There are tradeoffs, sure. But there are a lot of jobs in a lot of fields in a lot of places.

The venn overlap is not tiny.




>it has worked out.

Hardly. This is actually kind of insanely tone-deaf statement to make. People have uprooted their lives, spent lots of their wealth in expensive real-estate markets due to artificial demand, given up time with their families, etc etc.

Saying it's "worked out" is a really bland dismissal of the entire conversation.


What alternative do you have even for many highly-paid professional jobs like doctors?
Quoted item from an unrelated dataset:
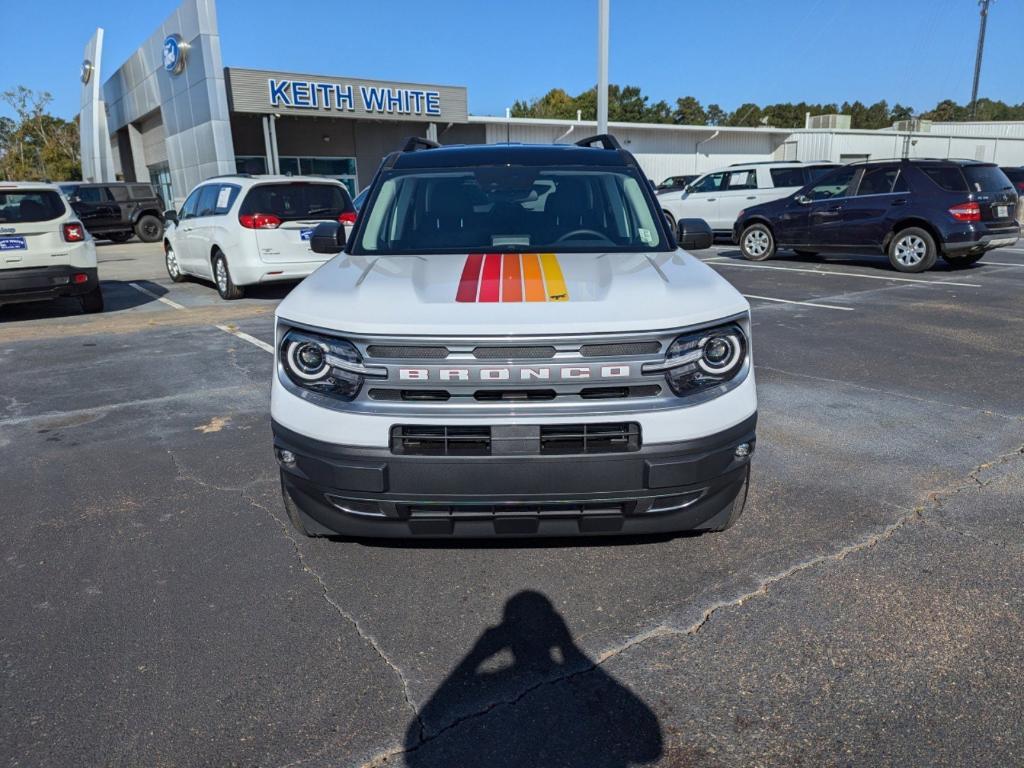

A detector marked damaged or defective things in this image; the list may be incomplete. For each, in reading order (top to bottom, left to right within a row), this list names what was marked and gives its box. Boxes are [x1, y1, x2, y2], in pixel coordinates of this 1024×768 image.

cracked asphalt [2, 238, 1024, 760]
Doctors are somewhat unique in the fact that they can live and practice in a wide variety of places. Anywhere there’s a hospital, you will have them. Where they will choose to work/for how much is a much wider decision matrix than it is for many white collar organizations which would have no reason to exist (physically) in a small town of 20,000 people. Such a town would require at least a single hospital employing many medical professionals, depending on how far it is from other forms of medical care.


Doctors are just one example and there are many reasons why a doctor may choose to practice in, say, the Boston area than in some 20,000 person town in North Dakota--though you're right than, in many cases, medical professionals have a pretty wide choice in where they live and work depending upon how choosy they are.

But a ton of STEM jobs do require access to labs and other facilities or may have requirements related to security clearances etc. A lot of skilled people can't just work from home and many others travel a lot even if they don't regularly come into an office.


What was artificial about demand?


In the context of the modern American nuclear family, the concept of both adults working is relatively new. The traditional arrangement was one breadwinner, one homemaker, and ~2.5 kids.

Which is still common these days, but not to the point of exclusivity: I work remotely, but my partner works hybrid.


Trends happen a lot faster and make people miserable than you can definitively say "it's working out".